= Artout project =

International artist collective

Artout Project, a.k.a. Artout Escort Agency - an experimental art project created in 2006 by Anton Koslov Mayr with an international group of artists, including theater critic and director of Black Box Theater in Oslo Jon Refsdal Moe, artists Per Platou, Kate Pendry, Ira Waldron, Georgy Ostretsov, Mike Rimbaud, Alexander Kosolapov, Eric Poujeau, Dana Wise, Elena Kovylina, Sena Yoon, Leban and Kleindienst, opera singer Evgeny Nikitin, and others. The project is a part of the Institutional Critique movement, but also relies on relational art practices. The ideas behind the project were formulated by Anton Koslov Mayr in his essay "On Art and Domination", Jon Refsdal Moe's "Staging Cultural Prosperity" and Sueli Rolni's "The Geopolitics of Pimping".

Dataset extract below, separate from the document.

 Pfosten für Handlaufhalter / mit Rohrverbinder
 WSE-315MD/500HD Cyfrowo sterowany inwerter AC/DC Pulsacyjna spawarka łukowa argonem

Artout Project was set up as a service company offering as a product artists' time, rather than any material work. Any interested party can hire an artist to spend time with and this in itself constitutes a creative act. The project was conceived as a meditation on the relationship between art collectors and art producers, exploring new territories of intersubjectivity and institutional control.

== 2009 Bridge Art Fair ==
In 2009 the Artout Project was invited as a special feature of Bridge Art Fair in New York. New York Post art critic Dan Avery hailed Artout as "the most inventive in adapting to new economic realities".